_What to produce_
Exclude the pictures and set down, unaltered, the lines from the one that holds "thumbnail image 1" through the end of the data.

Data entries
== Segment start ==

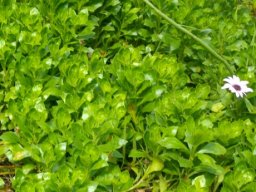 Dimorphotheca ecklonis forming a mat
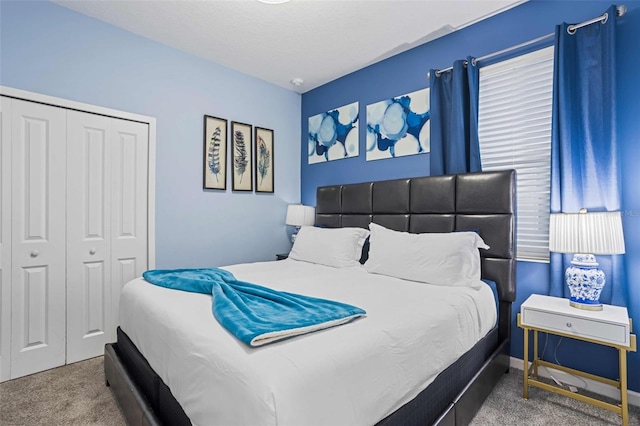 bedroom featuring carpet and a closet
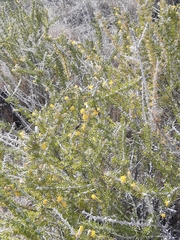 Tetradymia spinosa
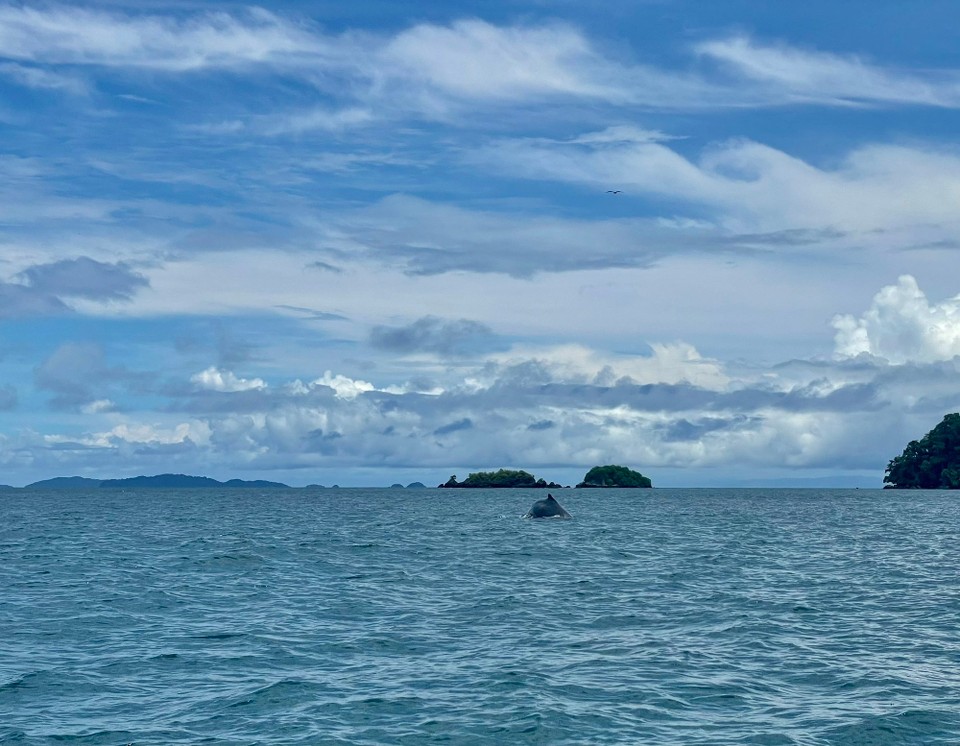 Panama -  - Kurz vor der Mittagspause konnten wir noch Wale beobachten 🐳 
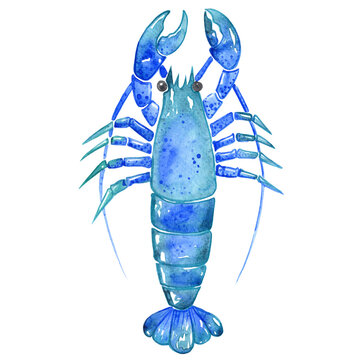 Lobster watercolor illustration for decoration on marine life and seafood.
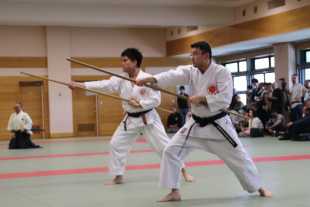 Asakusa Kobudo Demonstration 05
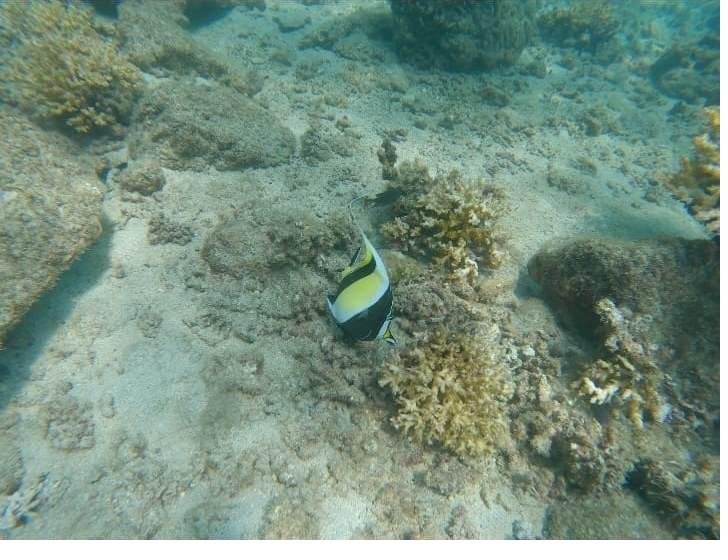 Moorish idol fish on a Coiba reef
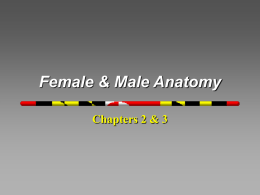 Female & Male Anatomy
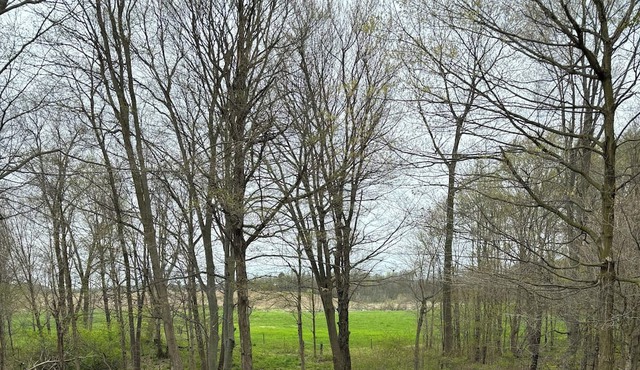 Country house with 3 bedrooms and 2 bathrooms. Several acres of woods to hike.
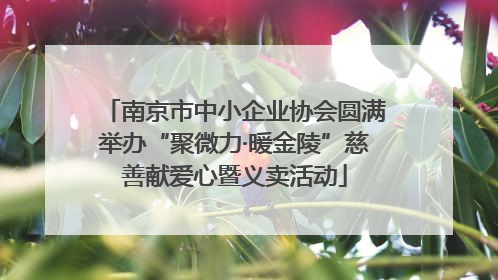 南京市中小企业协会圆满举办“聚微力·暖金陵”慈善献爱心暨义卖活动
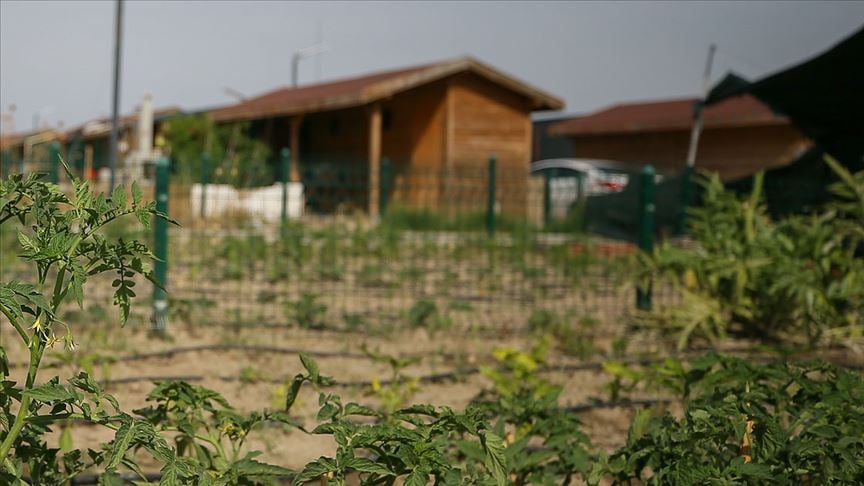 Belediye başkanı uyardı: "Almayın, zararlı çıkmayın"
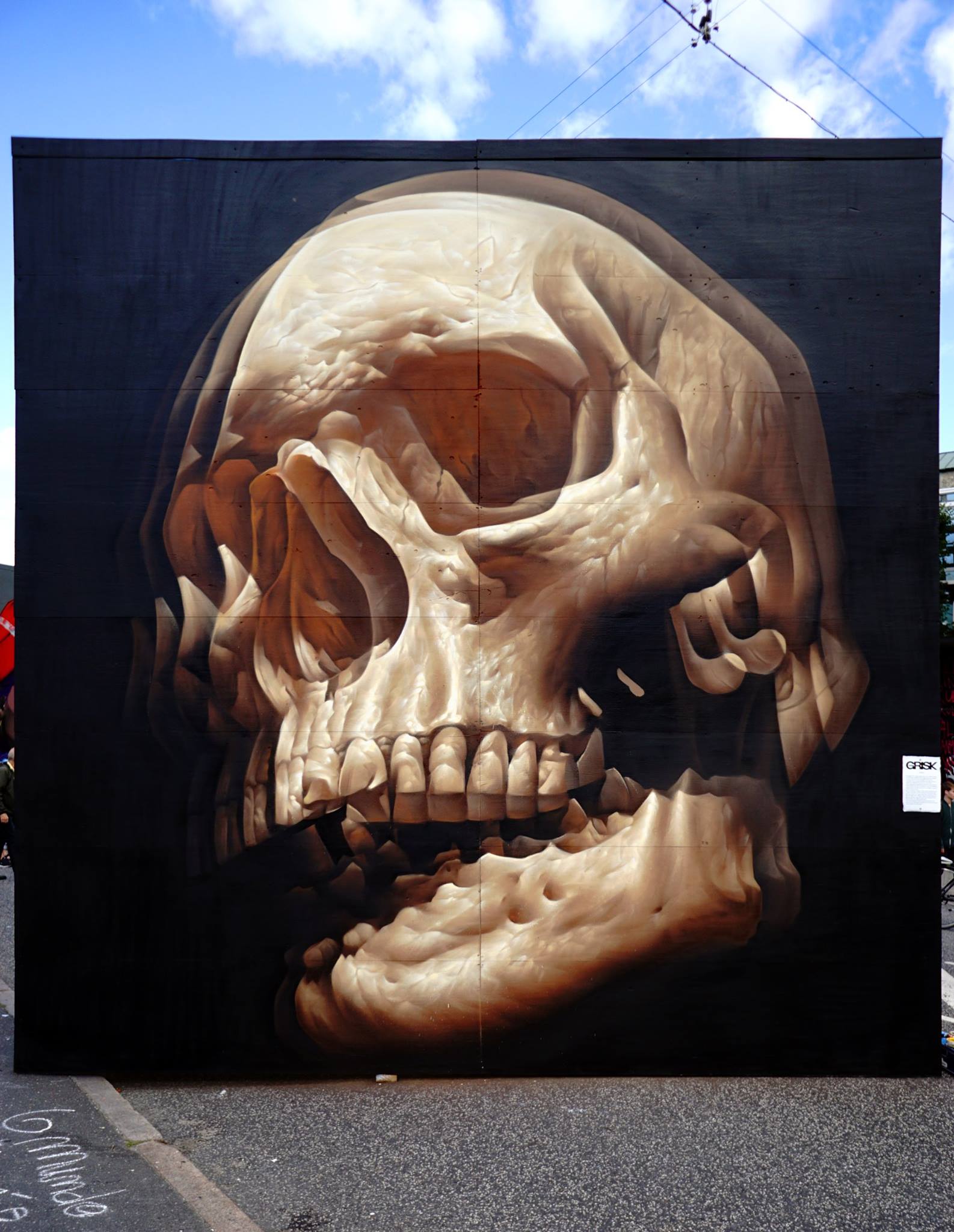 Insane51 | Collater.al 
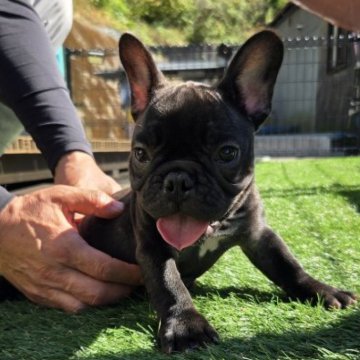 フレンチブルドッグ【愛媛県・女の子・2025年8月20日・ブリンドル】の写真「真ん丸お顔のオスより小さい女の子です。」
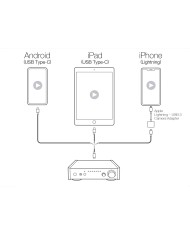 Amplificatore integrato Ncore compatto  Teac AI-303 USB DAC  Nero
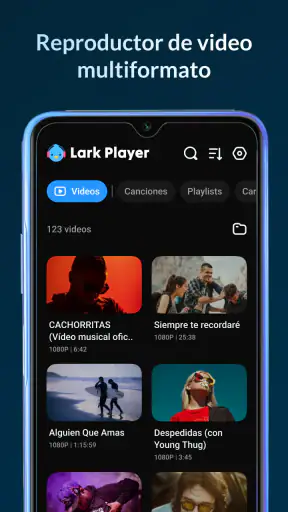 Lark Player:Reproductor Música screenshot 8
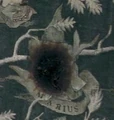 Marius Black.jpg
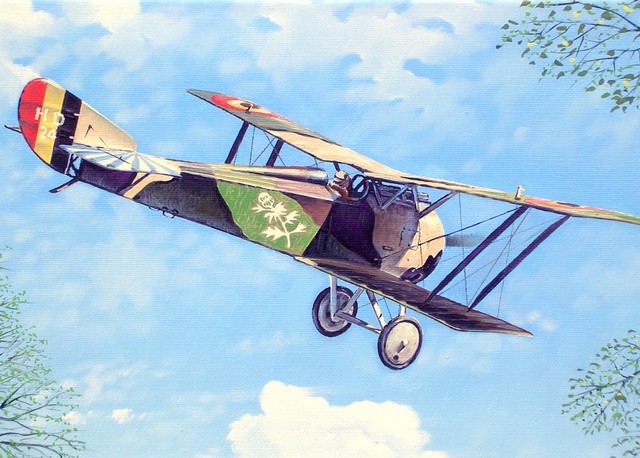 Hanriot HD 1 detail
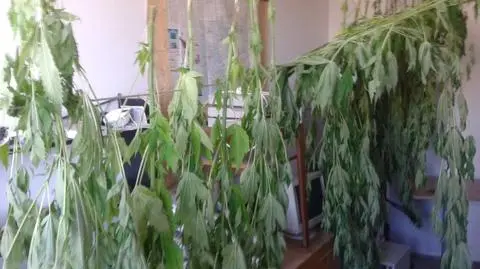 40 krzaków marihuany w lesie. 3 osoby zatrzymane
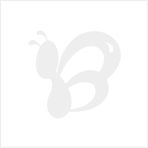 彩繪達(dá)人DIY數(shù)字油畫 江南水鄉(xiāng)系列5000款新品代理，廠家直供代發(fā)貨全攻略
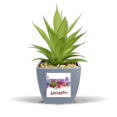 thumbnail image 1 of Britain City Watercolor Fake Pineapple Flower Pot Vase Mini Decor, 1 of 3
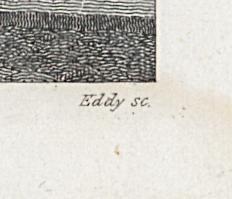 1975.0253 Print, Detail 4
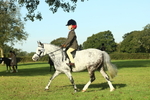 SBM_59217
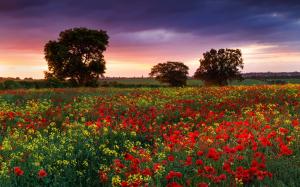 England summer evening, fields, poppies, rape, trees wallpaper thumb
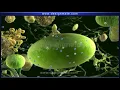 Science Amazing Process Of Photosynthesis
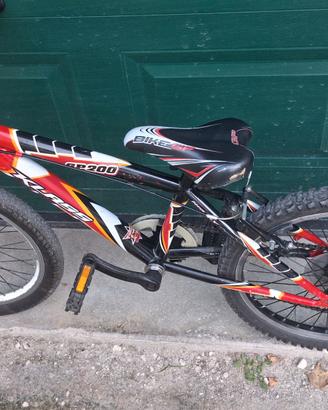 Bicicletta 20" bambino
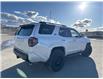 2026 Toyota 4Runner Base (Stk: 5095536) in Cranbrook - Image 5 of 22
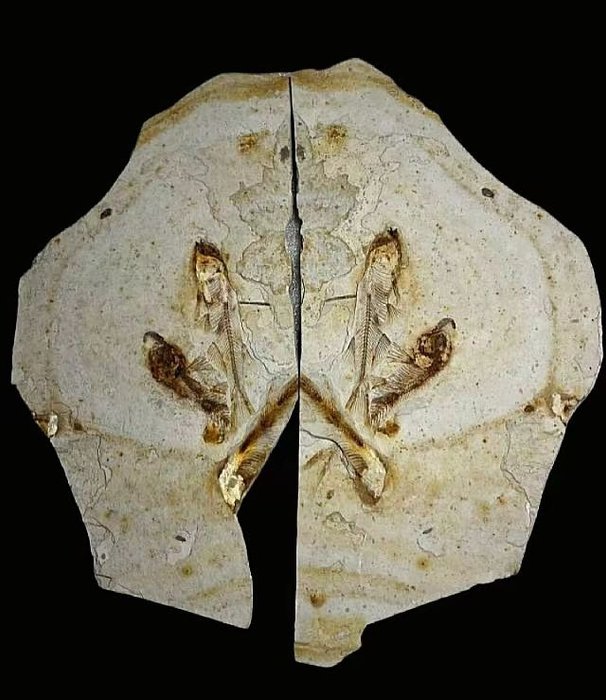 Pari matriisi - Kivettynyt eläin - Lycoptera - 20 cm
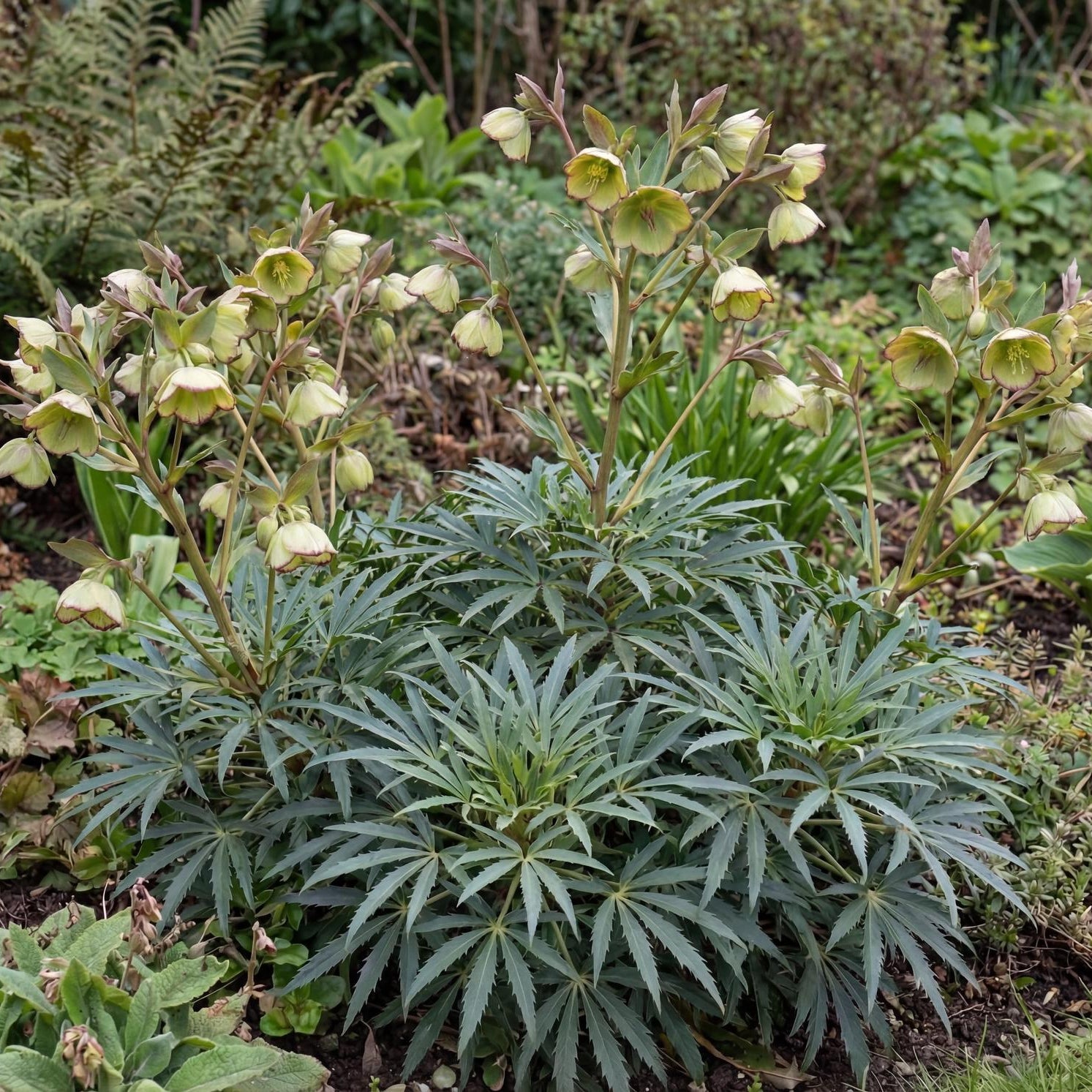 Foetid Hellebore in a 4-inch pot, with deeply cut evergreen leaves and pale green winter flower clusters.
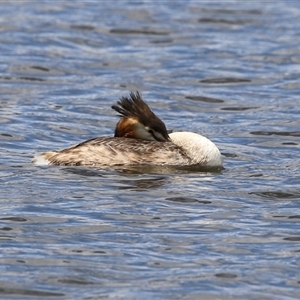 Podiceps cristatus at Isabella Plains, ACT - 7 Dec 2024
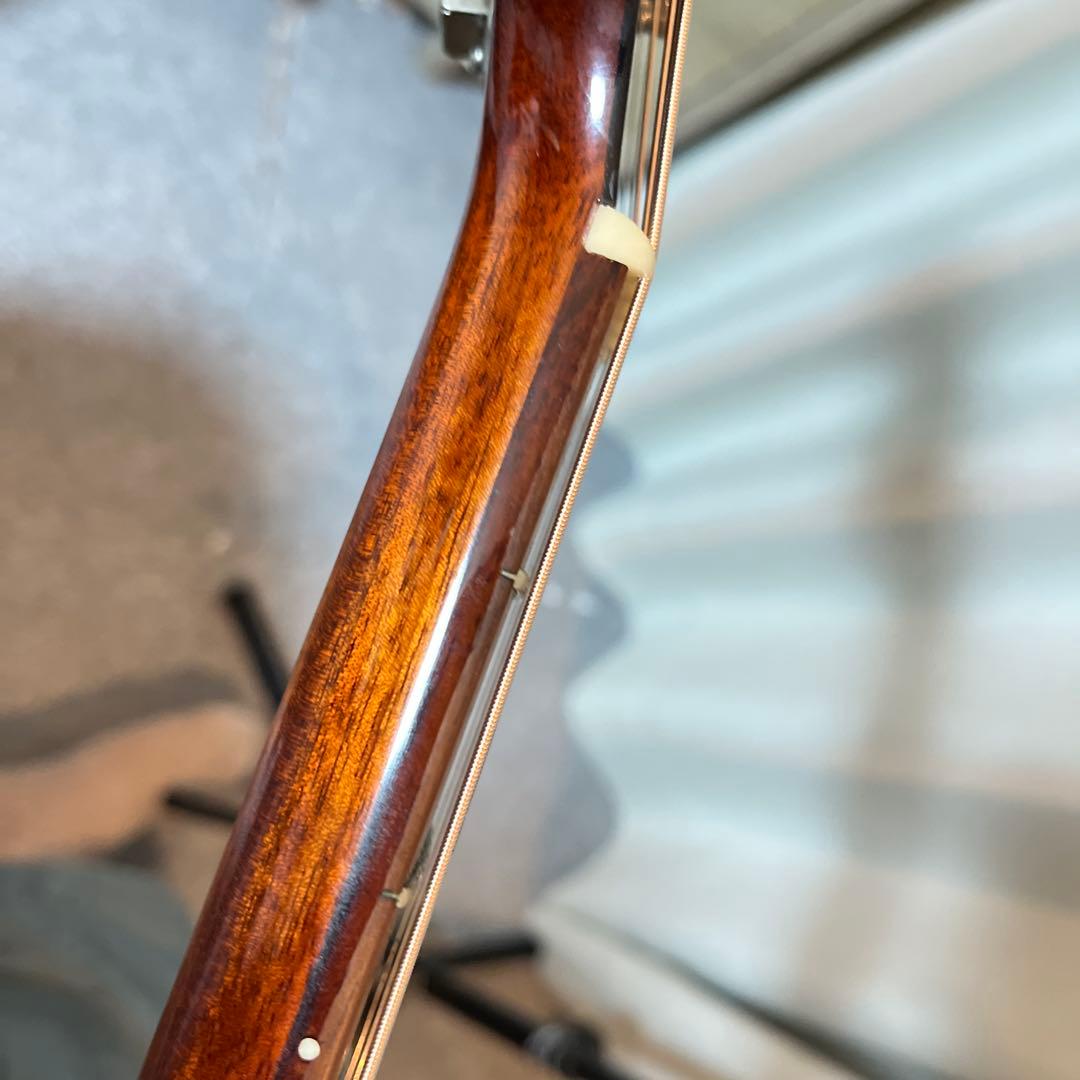 Eastman E10 SS 【book13さん専用】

== Segment end ==

_Task result_
 thumbnail image 1 of Britain City Watercolor Fake Pineapple Flower Pot Vase Mini Decor, 1 of 3
 1975.0253 Print, Detail 4
 SBM_59217
 England summer evening, fields, poppies, rape, trees wallpaper thumb
 Science Amazing Process Of Photosynthesis
 Bicicletta 20" bambino
 2026 Toyota 4Runner Base (Stk: 5095536) in Cranbrook - Image 5 of 22
 Pari matriisi - Kivettynyt eläin - Lycoptera - 20 cm
 Foetid Hellebore in a 4-inch pot, with deeply cut evergreen leaves and pale green winter flower clusters.
 Podiceps cristatus at Isabella Plains, ACT - 7 Dec 2024
 Eastman E10 SS 【book13さん専用】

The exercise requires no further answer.